While you can still buy a Windows 10 key and get going, that operating system is really starting to look long in the tooth. Windows 11 is what you should get if you’re buying a new PC right now. Because while Starfield might not recommend it, many next-gen games that are running DirectX 12 Ultimate will require it.
I really don’t know what Bethesda whas thinking about when it recommended a Ryzen 5 3600 when the Ryzen 5 2600 was the bare minimum. Especially considering how CPU heavy this game is likely to be – which is probably why the game is limited to 30 fps on console – I recommend going a bit over the recommendation here.
Luckily if you just go forward a couple generations, the AMD Ryzen 5 7600X absolutely blows the older Ryzen 5 chips out of the water, making it one of the best CPUs of all time. This is a CPU that should easily be able to handle Starfield at 60 fps – take that Xbox Series X.
Just looking at the system requirements, it looks like the bare minimum you should go for is 16GB of the best RAM. However, if you plan on having other things open at the same time, like guides or music, you might want to jump up to 32GB. Modern CPUs are flexible when it comes to DDR5 or DDR4, but I’d recommend DDR5 if you can afford it – just because you’ll be able to carry it forward if you build another PC in the future.

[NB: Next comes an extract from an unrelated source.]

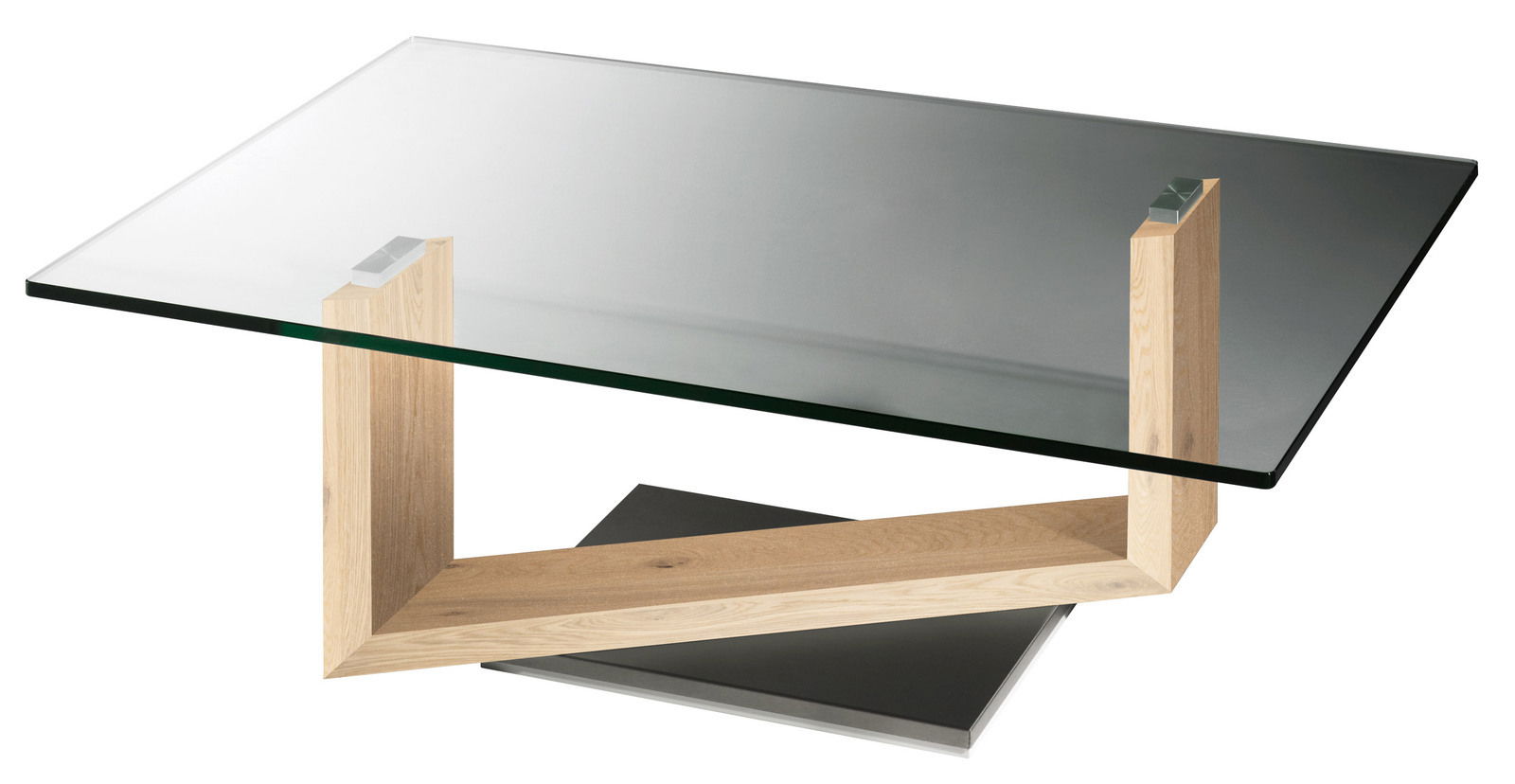 Moderner Couchtisch mit Glasplatte und Holzgestell, seitliche Perspektive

The most exciting part of a PC build, the best graphics cards are unfortunately more expensive than ever. While I could be selfish and recommend everyone go out and buy an Nvidia GeForce RTX 4090 and forget about graphics settings, I know most people can’t afford that ridiculous graphics card.
Bethesda recommends an Nvidia GeForce RTX 2080 or an AMD Radeon RX 6800 XT – two wildly different GPUs, but that’s another story. You can still buy the AMD Radeon RX 6800 XT, as AMD still hasn’t released a GPU in that tier as part of its Radeon 7000 series.
That Nvidia card, though, that’s a bit out of date. The RTX 2080 hasn’t been on the market for a while, but the closest comparison out of the latest generation is probably the Nvidia GeForce RTX 4070. You can get that card for around $599 these days. And while that graphics card isn’t the most exciting gen-on-gen improvement over the RTX 3070, the RTX 3070 isn’t available on store shelves right now.
Unfortunately for spinning disks lovers, it seems like Starfield is going to require an SSD to run. To be fair, though, SSDs are dirt cheap these days so if you’re still using a hard disk, spend the $15 and just get an SSD, at least just for Starfield. The game takes up 140GB on its own, so I recommend getting at least a 256GB drive, just so you have enough space for Windows 11 on top of Starfield.
You can get a SATA drive of this size for just $14.99, but I’d recommend spending a little bit more for an M.2 drive, which will likely cost around $19.99 for a PCIe 3 unit. Or if you want something that will last a while, my SSD of choice these days is the Samsung 980 Pro.
Should You Play Starfield on PC?
Ever since Todd Howard told us Starfield would sit at 30 fps on console, I knew I was going to be playing this game on PC. Say all you want about PC gaming, but at least I’ll be able to play at whatever frame rate I want to play at, without having to worry about what my living room box can do.
Then again, I have played every Bethesda RPG on PC, and I don’t plan on changing that any time soon. It’s going to control better, look better and most importantly: it’ll have mods. PC is going to be the definitive place to play Starfield, and if you have a rig that can handle it, I recommend trying it out on PC first.